Au lieu de jouer en J-League, la première division, il part à l’université.
Il y entame des études d’économie et intègre l’équipe universitaire. «Au début, je ne pouvais pas jouer à cause de mon pied. Et le niveau était assez élevé. Je me suis dit: "Peut-être que ce n’était pas si mal de ne pas être devenu pro."» Mais il n’abandonne jamais son rêve.
Avec le recul, il estime que l’université lui a fait du bien:
Il retient aussi deux forces: ne jamais abandonner et savoir être reconnaissant. «Et aussi prendre soin des gens autour de moi».
Tout en se construisant comme personne, il travaille sans relâche pour son rêve. Jusqu’à ce qu’il signe, en février 2021, aux Kashima Antlers. Chez le club le plus titré du Japon, Tsunemoto débute en J-League face à… Yokohama, là où sa carrière avait buté.
Aux Antlers, il croise celui qui lui ouvrira les portes de l’Europe: René Weiler. Alors entraîneur au Japon, il sera plus tard son coach et directeur sportif à Servette, la première étape européenne de Tsunemoto.
Weiler a-t-il été son coach le plus marquant? Tsunemoto préfère ne pas s’avancer. Mais il dément que le départ du technicien de Genève ait motivé son propre transfert cet été.
La raison, dit-il, est ailleurs: l’âge. «Pour moi, il était important de pouvoir jouer la Ligue des champions ou l'Europa League. Et à Bâle, ces chances sont plus grandes».
Le latéral japonais voulait aussi remercier Servette: en partant avant la fin de son contrat de trois ans, il a permis aux Grenat d’encaisser une indemnité de transfert.
Le FCB aurait versé 1,8 million d’euros. Une somme conséquente pour un transfert national d’un joueur de 26 ans.
Un hiver plus tôt, Servette avait refusé une offre du Slavia Prague. Mais cette fois, parce que Tsunemoto tenait absolument à rejoindre Bâle, l’opération s’est conclue.
Avec Bâle, lui qui a gagné la Coupe de Suisse avec Servette en 2024 veut désormais viser le titre. C’est son rêve – tout comme celui d’un jour rejoindre l’un des grands championnats. Lequel? Peu importe. Son équipe de cœur est le Real Madrid, son idole Philipp Lahm.

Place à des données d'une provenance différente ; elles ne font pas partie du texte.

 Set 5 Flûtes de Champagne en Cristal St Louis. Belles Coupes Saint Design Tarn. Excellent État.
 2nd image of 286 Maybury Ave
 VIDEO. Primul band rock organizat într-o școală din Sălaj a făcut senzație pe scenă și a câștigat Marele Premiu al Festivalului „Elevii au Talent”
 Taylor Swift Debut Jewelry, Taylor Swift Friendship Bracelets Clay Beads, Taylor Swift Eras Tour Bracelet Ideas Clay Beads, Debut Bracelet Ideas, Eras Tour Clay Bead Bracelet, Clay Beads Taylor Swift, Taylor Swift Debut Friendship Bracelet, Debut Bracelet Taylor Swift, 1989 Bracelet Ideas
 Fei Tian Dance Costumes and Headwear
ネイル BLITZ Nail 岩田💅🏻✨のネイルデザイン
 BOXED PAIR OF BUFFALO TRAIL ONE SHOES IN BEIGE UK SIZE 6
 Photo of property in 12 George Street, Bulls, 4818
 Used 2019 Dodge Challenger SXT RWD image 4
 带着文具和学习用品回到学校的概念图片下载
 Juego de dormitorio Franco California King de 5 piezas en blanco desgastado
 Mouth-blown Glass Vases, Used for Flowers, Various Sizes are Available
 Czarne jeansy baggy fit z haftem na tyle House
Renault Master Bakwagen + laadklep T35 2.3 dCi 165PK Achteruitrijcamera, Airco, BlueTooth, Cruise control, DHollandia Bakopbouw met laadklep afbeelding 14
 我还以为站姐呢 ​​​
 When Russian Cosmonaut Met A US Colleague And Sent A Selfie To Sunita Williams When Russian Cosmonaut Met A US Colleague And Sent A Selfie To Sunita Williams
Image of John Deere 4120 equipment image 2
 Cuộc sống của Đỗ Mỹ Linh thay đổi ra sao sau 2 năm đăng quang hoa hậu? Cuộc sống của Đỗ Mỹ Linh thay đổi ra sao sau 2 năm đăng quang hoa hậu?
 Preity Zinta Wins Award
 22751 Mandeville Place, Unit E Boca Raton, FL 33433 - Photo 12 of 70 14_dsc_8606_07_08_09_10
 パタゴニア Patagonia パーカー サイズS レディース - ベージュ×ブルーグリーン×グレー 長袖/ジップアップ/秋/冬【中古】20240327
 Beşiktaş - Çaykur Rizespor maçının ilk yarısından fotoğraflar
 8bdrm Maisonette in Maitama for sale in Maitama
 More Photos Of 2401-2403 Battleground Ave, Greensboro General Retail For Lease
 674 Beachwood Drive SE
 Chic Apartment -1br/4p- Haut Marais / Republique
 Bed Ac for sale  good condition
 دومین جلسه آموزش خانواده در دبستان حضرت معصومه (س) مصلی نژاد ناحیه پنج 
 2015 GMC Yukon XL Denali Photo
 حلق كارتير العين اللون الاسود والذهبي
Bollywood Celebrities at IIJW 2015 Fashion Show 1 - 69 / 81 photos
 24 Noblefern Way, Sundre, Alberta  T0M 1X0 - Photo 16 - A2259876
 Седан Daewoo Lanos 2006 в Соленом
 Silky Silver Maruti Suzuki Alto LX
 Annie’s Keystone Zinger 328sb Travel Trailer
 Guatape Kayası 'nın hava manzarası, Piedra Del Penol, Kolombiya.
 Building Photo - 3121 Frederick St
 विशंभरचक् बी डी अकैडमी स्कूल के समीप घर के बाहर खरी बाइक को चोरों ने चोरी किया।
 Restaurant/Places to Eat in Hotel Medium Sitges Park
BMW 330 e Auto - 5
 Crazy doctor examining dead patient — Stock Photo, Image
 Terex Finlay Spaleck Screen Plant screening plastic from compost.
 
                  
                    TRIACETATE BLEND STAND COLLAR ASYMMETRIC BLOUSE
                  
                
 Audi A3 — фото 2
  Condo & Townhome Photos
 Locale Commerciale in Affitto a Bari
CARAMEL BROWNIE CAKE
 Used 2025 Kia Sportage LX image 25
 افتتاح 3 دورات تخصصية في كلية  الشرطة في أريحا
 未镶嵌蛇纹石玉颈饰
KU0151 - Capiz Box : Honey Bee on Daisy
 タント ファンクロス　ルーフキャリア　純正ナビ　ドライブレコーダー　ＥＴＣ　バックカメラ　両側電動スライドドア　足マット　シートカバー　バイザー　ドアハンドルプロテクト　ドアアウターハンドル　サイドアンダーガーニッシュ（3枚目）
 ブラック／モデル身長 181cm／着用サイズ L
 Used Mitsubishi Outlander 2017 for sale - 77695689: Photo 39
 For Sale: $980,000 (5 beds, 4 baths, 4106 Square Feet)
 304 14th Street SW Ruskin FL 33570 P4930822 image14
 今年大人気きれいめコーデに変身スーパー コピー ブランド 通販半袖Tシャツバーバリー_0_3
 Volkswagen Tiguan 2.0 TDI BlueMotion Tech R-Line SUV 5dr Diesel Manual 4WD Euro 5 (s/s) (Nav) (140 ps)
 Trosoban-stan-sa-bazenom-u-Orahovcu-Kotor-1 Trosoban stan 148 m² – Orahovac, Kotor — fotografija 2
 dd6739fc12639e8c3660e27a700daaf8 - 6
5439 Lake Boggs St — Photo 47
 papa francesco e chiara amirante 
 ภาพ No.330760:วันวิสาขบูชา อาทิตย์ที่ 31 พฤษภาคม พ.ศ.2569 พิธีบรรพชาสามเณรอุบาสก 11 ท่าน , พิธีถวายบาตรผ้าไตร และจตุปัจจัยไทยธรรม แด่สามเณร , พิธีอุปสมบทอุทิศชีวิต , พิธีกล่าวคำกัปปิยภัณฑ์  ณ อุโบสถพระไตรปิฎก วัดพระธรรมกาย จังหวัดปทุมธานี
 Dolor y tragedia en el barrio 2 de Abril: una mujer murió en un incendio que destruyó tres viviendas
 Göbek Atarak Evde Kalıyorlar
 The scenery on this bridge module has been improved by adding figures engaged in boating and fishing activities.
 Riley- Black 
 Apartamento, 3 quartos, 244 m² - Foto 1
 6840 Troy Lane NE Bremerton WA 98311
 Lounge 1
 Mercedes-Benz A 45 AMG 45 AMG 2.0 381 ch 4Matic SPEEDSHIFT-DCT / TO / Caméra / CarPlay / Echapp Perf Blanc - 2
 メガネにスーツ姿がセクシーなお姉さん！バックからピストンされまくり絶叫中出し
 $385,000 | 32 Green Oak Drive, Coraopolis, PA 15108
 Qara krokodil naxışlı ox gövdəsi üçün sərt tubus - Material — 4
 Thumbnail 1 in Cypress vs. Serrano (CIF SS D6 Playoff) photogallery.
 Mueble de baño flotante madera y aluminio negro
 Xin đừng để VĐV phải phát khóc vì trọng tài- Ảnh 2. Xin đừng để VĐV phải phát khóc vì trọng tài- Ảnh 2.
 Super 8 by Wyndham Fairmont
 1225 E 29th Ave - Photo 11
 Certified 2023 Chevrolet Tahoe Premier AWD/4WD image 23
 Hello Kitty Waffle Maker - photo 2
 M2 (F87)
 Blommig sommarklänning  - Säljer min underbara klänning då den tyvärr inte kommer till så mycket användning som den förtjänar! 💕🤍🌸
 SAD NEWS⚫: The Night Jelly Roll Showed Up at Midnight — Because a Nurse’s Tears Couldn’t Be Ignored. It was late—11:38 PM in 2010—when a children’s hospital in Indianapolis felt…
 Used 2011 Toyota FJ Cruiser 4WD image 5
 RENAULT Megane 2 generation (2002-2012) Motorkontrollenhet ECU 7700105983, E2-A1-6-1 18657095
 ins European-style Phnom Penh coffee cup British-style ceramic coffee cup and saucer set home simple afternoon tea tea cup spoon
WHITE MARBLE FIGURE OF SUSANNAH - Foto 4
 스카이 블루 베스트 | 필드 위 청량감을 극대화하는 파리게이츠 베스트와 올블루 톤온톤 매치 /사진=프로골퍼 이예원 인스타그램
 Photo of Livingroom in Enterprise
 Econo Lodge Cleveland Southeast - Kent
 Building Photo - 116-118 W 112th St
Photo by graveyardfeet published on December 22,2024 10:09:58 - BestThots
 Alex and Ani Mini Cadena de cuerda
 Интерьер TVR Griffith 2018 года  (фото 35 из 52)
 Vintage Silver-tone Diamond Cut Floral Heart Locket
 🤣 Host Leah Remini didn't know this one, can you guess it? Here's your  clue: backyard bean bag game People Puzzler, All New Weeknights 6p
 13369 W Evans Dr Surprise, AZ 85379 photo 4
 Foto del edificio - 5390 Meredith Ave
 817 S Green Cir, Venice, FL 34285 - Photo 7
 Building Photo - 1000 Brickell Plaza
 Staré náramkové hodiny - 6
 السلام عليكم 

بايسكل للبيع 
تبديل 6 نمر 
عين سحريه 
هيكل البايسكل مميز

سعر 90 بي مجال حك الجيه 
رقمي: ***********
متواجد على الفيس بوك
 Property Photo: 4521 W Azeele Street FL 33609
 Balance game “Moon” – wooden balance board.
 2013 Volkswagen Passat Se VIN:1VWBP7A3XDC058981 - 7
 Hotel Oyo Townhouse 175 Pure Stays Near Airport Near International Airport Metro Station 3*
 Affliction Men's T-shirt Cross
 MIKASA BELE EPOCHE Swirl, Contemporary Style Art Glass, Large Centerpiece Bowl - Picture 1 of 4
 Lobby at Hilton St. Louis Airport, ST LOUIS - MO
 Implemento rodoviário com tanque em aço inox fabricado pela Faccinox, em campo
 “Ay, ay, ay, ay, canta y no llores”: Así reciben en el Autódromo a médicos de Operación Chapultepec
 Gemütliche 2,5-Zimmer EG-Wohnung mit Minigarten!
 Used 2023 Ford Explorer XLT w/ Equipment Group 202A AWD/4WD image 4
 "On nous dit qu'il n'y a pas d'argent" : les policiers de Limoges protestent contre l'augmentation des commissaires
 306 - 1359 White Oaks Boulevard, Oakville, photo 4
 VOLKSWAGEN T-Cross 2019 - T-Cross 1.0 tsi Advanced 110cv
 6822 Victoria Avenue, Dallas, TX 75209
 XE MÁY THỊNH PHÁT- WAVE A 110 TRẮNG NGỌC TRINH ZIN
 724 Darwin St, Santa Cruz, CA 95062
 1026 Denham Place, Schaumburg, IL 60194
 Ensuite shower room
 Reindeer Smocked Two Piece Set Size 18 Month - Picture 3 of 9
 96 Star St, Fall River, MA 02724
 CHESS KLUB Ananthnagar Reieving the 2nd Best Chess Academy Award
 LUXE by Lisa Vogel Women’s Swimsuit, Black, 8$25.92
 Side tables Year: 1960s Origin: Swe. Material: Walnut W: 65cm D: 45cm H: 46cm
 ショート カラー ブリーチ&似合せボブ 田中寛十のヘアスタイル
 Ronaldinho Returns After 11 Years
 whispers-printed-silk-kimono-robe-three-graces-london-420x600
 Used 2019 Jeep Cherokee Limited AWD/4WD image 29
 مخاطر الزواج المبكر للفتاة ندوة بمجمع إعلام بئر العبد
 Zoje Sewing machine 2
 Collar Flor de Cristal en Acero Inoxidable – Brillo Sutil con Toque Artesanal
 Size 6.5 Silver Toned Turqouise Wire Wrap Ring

Tsunemoto rit: «Même si moi, j’ai le sentiment d’être rapide!»
Quoi qu’il en soit, le numéro 6 du FC Bâle s’inspire du champion du monde allemand: un latéral moderne qui défend, mais sait aussi attaquer. Aujourd’hui, il considère cette double dimension comme l’une de ses forces. Et ses centres sont une arme, déjà démontrée à Bâle: en huit matchs, il compte deux passes décisives.
Ces performances vont-elles le rapprocher de la sélection japonaise? Ce serait un rêve. «Mais pas un rêve obsessionnel. Je ne sacrifie pas tout pour ça, je ne travaille pas spécifiquement dans ce but». Il sait qu’être joueur japonais en Europe ne suffit plus pour se faire remarquer.
Avec ses prestations au FCB, une chose est sûre: son prochain transfert, lui, ne passera pas inaperçu.